_Provided data_:
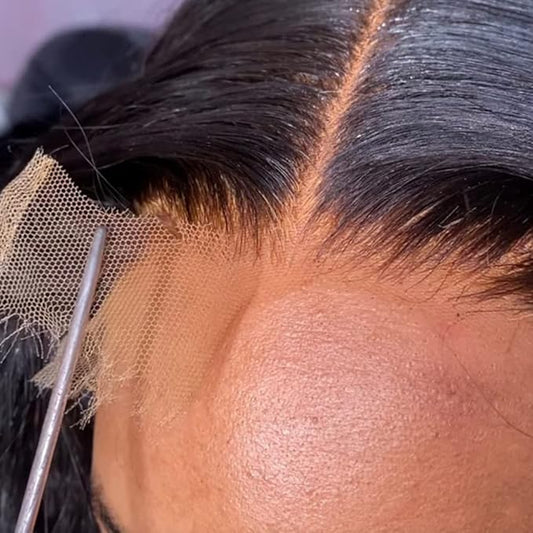 0.1 mm Ultra-thin 5x5 SKINLIKE HD Lace Closure Wigs Human Hair,200% Density Glueless HD Lace Front Wigs Human Hair Pre Plucked Bleached Knots Swiss Lace Straight Wigs for Women 24 Inch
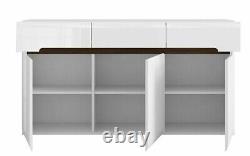 Sideboard Cabinet with Drawers Large Storage Unit Dresser White Gloss 150cm Azteca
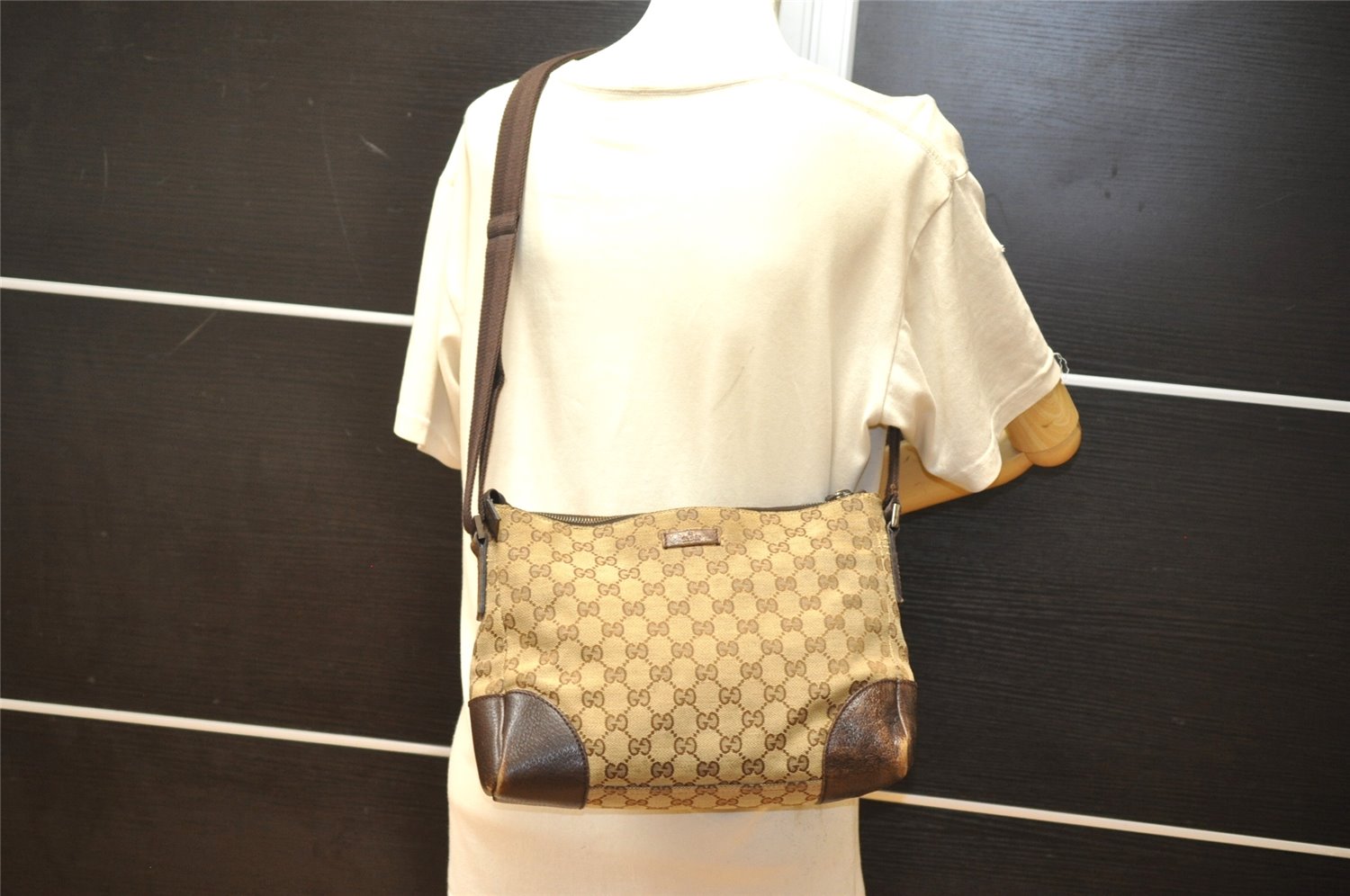 Authentic GUCCI Shoulder Cross Body Bag GG Canvas Leather 114273 Brown 3436K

_Work to complete_: Pictures included in the data should be dropped; everything else must be repeated exactly.

_The completed task_:
 0.1 mm Ultra-thin 5x5 SKINLIKE HD Lace Closure Wigs Human Hair,200% Density Glueless HD Lace Front Wigs Human Hair Pre Plucked Bleached Knots Swiss Lace Straight Wigs for Women 24 Inch
 Sideboard Cabinet with Drawers Large Storage Unit Dresser White Gloss 150cm Azteca
 Authentic GUCCI Shoulder Cross Body Bag GG Canvas Leather 114273 Brown 3436K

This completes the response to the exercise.